You can find further technical specifications on the engine within the official Skoda Karoq brochure, as well performance and drive train information.
It’s a cracking little engine, which bolts the 1550kg (tare mass) Karoq to 100km/h in a time that would’ve matched last generation’s hot hatches.
There’s ample torque or pulling power just off idle point which helps rolling response, and the DSG is very well calibrated, showing little of the low-speed fussiness or jerkiness inherent to some dual-clutch units.
This is helped by the fitment of Auto Hold which stops the car creeping in D, with the brakes off.
There’s also a sound enhancer device that amplifies the engine note when you tip over into Sports mode, and rather than sounding naff it actually pipes a pleasant growliness into the cabin under heavy acceleration. This Karoq is called ‘Sportline’, and it lives up to the badge’s promise.
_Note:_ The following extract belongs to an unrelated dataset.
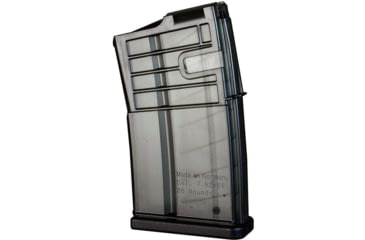 Image of Heckler &amp; Koch Rifle Magazine, MR556, 5.56mm, 20 Rounds, Black, 233609S-20RD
Ditto for the body control and handling, which is flatter and more tied-down than many SUVs, and the direct steering that has changeable resistance levels contingent on the style of driving you want to do.
The ride quality is firm, but never brittle or jittery over sharp hits and corrugations despite the low-profile tyres. The damping offers enough control to retain an agile feel, but there are degrees of decoupling from surface changes too.
We did notice some tyre roar over coarser chip roads, which interrupted the interior ambience. It’s not terrible, but there are times where its refinement levels could be better.
In terms of off-roading, it’d be best to stick to light duties. You have a decent but hardly super-high-riding 164mm of clearance, but it’s reassuring to know you can rely on all-paw traction on snow, mud, or even wet grass.
Once those front wheels slip, it’s showtime for the car’s electronic brain to order the AWD system’s multi-plate clutch, to engage the rear wheels. An off-road-focused drive mode changes the drivetrain and stability control parameters to suit slippery surfaces.
Skoda Australia gives you a five-year and unlimited-kilometre warranty. You get a year of free roadside assistance with that, which is extended each time you return the car to an official dealer for servicing.
In terms of maintenance, the smart money is put into a pre-paid Service Pack, which covers the first five services (each visit at a 12 months or 15,000km intervals) for $1400.
Skoda offers such a plan to entice you to keep your car serviced at one of its dealers rather than an independent repairer. If you elect to pay-as-you-go, the first five years/75,000km of servicing will instead cost you a steep $2527.
Once you add some choice option packs, as fitted to our test car, that $44,000 drive-away bargain price point is altered somewhat, to north of $50,000 – which changes the equation a tad.
But the Karoq Sportline is really what Skoda’s middle-child SUV should’ve been all along, had factory supply been sufficient from day one.
It has the brand’s signature outsider charm mixed with a premium European feel, a ripping little drivetrain, handsome design, plenty of space inside given the small footprint, and reasonable running costs through an admittedly small dealer network.
It’s the sort of mid-sized SUV that requires a little outside the box thinking, but I’d happily recommend you take the plunge.